The storm was headed for New England, where Massachusetts expected up to 2 feet of snow and minor coastal flooding.
Airports for Washington, Baltimore, Philadelphia and New York largely shut down, stranding thousands of passengers trying to leave and get into the region. Amtrak's north-south service was halted between Washington and Richmond, Va., and regional bus service stopped in many areas.
The holiday meant there were few commuters, but police from Kentucky to Massachusetts pleaded with motorists to stay home and some counties banned nonessential travel so roads could be cleared.
"This is going to be days worth of cleanup," said Maryland Highway Administration spokesman David Buck.
The western tip of Maryland was buried, with 49 inches of snow in Garrett County on top of 30-foot drifts left by earlier storms.
"It's no man's land out there," said Garrett County state highway supervisor Paul McIntyre, whose office window in Keysers Ridge, elevation 2,900 feet, was entirely blocked by snow. "It looks more like Siberia than Maryland."
Elsewhere, 27 inches fell in West Virginia's Berkeley County, the National Weather Service said. The Seven Springs ski resort area on western Pennsylvania had 40 inches.
It was one of the worst snowstorms in a century in Washington, where 16 inches fell. For the region as a whole, it was the worst snowstorm since the blizzard of 1996, when at least 80 deaths were blamed on the weather.
Staff members at Baltimore-Washington International Airport distributed blankets and pillows to the some 150 travelers who spent the night there. The Port Authority of New York and New Jersey, which operates Newark, Kennedy and LaGuardia airports, supplied cots and blankets.
Thousands of travelers trying to get home from vacations were stuck at Florida airports.

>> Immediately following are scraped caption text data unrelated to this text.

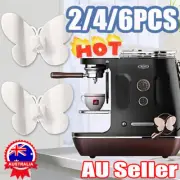 2/4/6pcs Cable Holder Park Winder Cord Wrap Kitchen Appliances Organizer #T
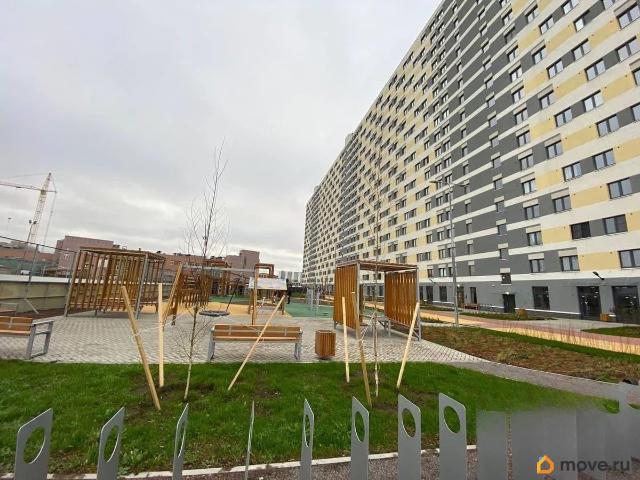 Квартира продажа в Нижегородская Ст-ца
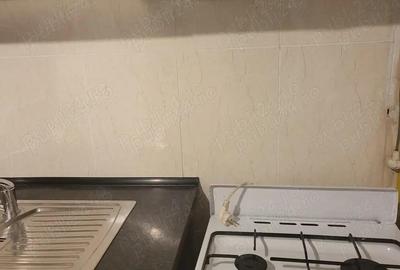 Garsonieră semidecomandată în Ștefan cel Mare - 5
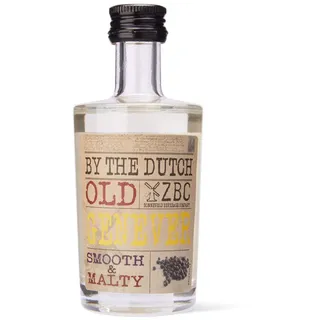 By The Dutch Old Genever Miniatur (3 x 0.05 l)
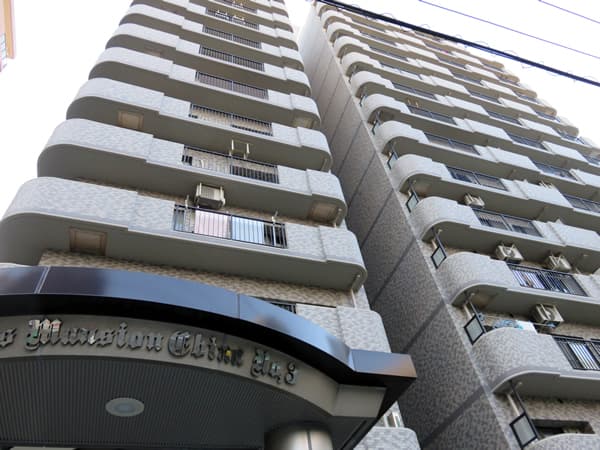 ライオンズマンション海老名第3 9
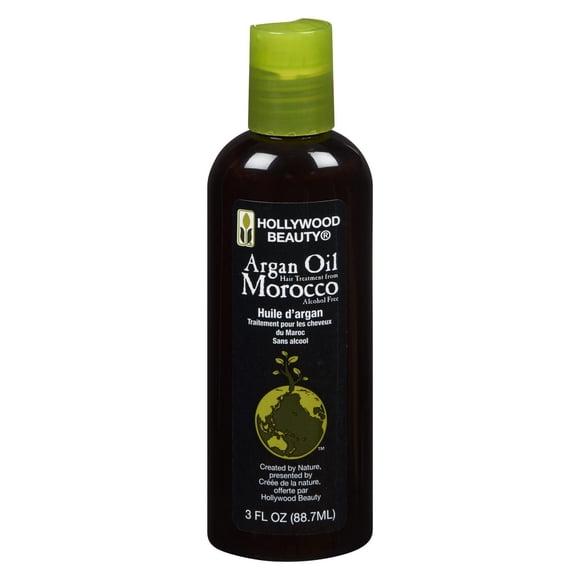 Hollywood Beauty Huile d'Argan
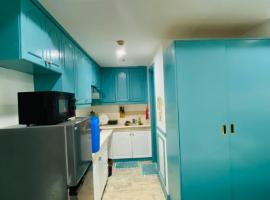 Baywatch Tower, hotel in Manila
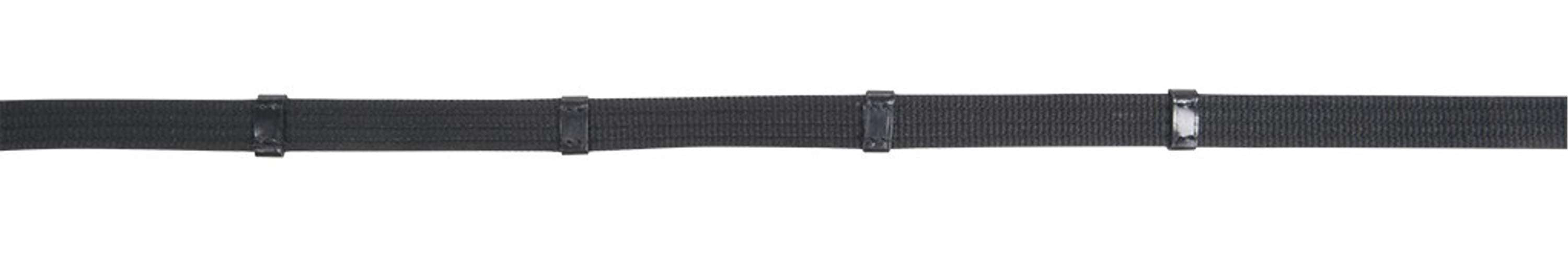 HKM Rein Lea Web Brown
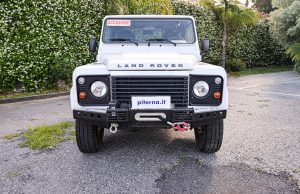 LAND ROVER Defender 90 2.2 TD4 Station Wagon SE N1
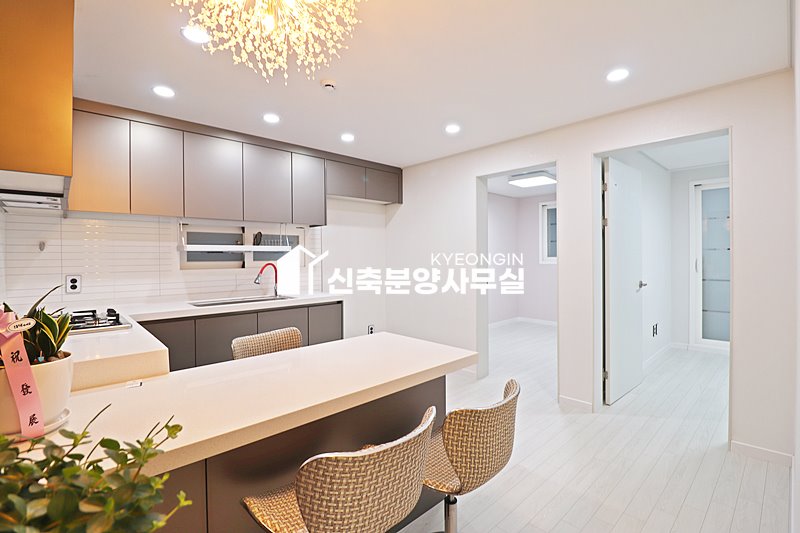경기 안산상록구 월피동 프라임센텀 [ 3룸 . 테라스 . 복층 Type ] 분양 매물번호 14674 사진 21
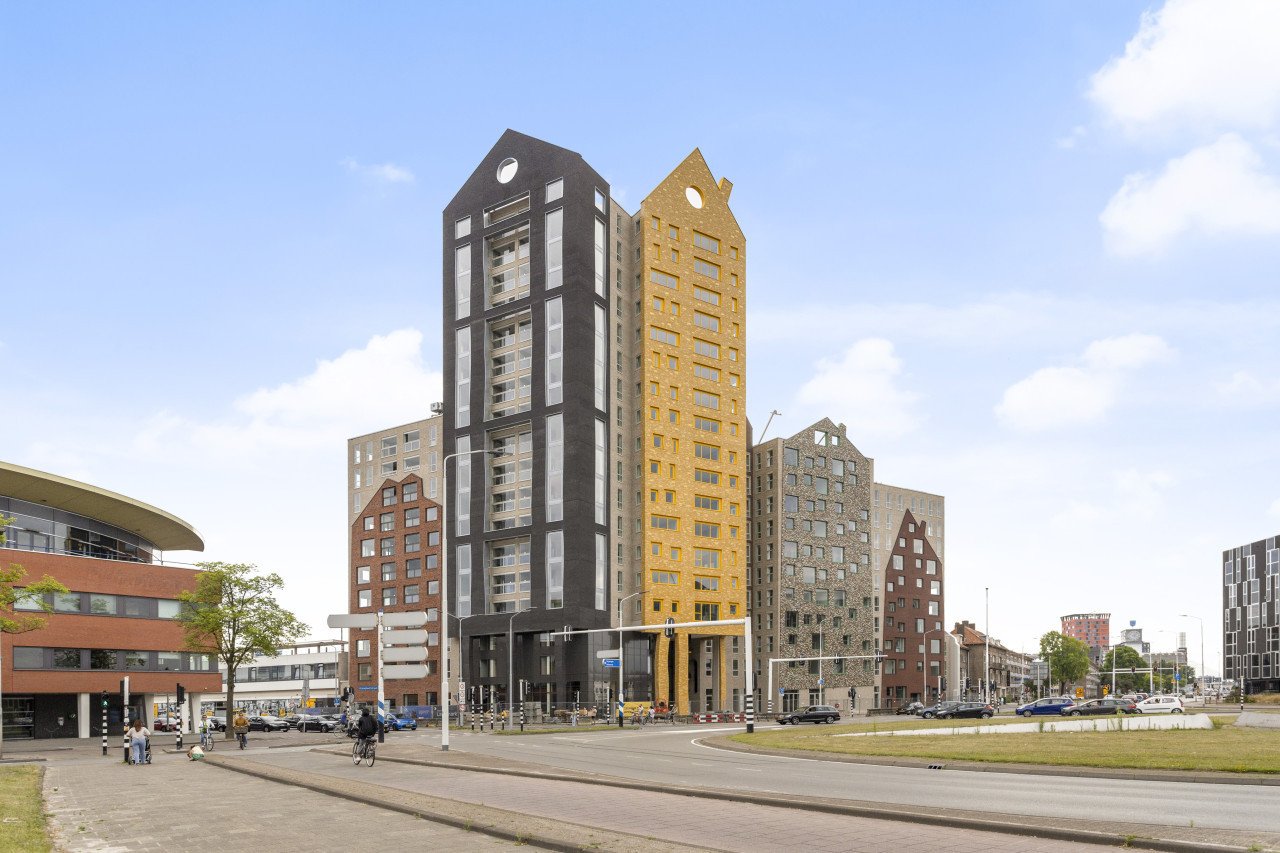 huurwoning vinden spijkerboor dr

"We got in here Sunday afternoon and were told we weren't going anywhere until Wednesday morning," said Thomas Gibbons of Philadelphia, who had spent a vacation with his wife and two other couples in the Dominican Republic. Gibbons, who found hotel rooms for him and his traveling companions, took the delay in stride.
"It could be worse - it's gorgeous here in Miami, and the hotel has a nice pool."
The heavy snow was blamed for several roof collapses in New Jersey, including one that killed a man at a job-training school in Edison. In Maryland, a roof fell in at the B & O Railroad Museum in Baltimore.
Ohio Gov. Bob Taft declared three southern counties disaster areas Monday because of the snow and ice. Disaster and emergency declarations also had been issued by governors in New York, Kentucky, New Jersey, West Virginia, Maryland and Delaware.
States had thousands of crews plowing and spreading salt. Maryland Gov. Robert Ehrlich said the storm had cost between $20 million and $30 million -- and the state was already $14 million over budget for road cleanup this season.
New York Mayor Michael Bloomberg estimated the storm, measured in Central Park at 19.5 inches by early evening, already had cost his city around $20 million. By early evening, the snow had ended in the city.
Plows built piles of snow two stories high along some streets, including Fifth Avenue near the Saks department store in Midtown Manhattan, where tourists took pictures of each other standing on the gigantic mounds of snow.
An estimated 100,000 customers lost power in West Virginia, with 20,000 in the Carolinas, 62,000 in Ohio, 96,000 in Kentucky and 6,000 in Virginia.
Weather-related deaths included two in Illinois, one in Nebraska, six in West Virginia, six in Missouri, one in Ohio, one in New Jersey and four in Iowa.
In Tennessee, two children were missing after the car in which they were riding was swept off a bridge by high water late Sunday. The car had not been found Monday. Their aunt, who was driving, was rescued.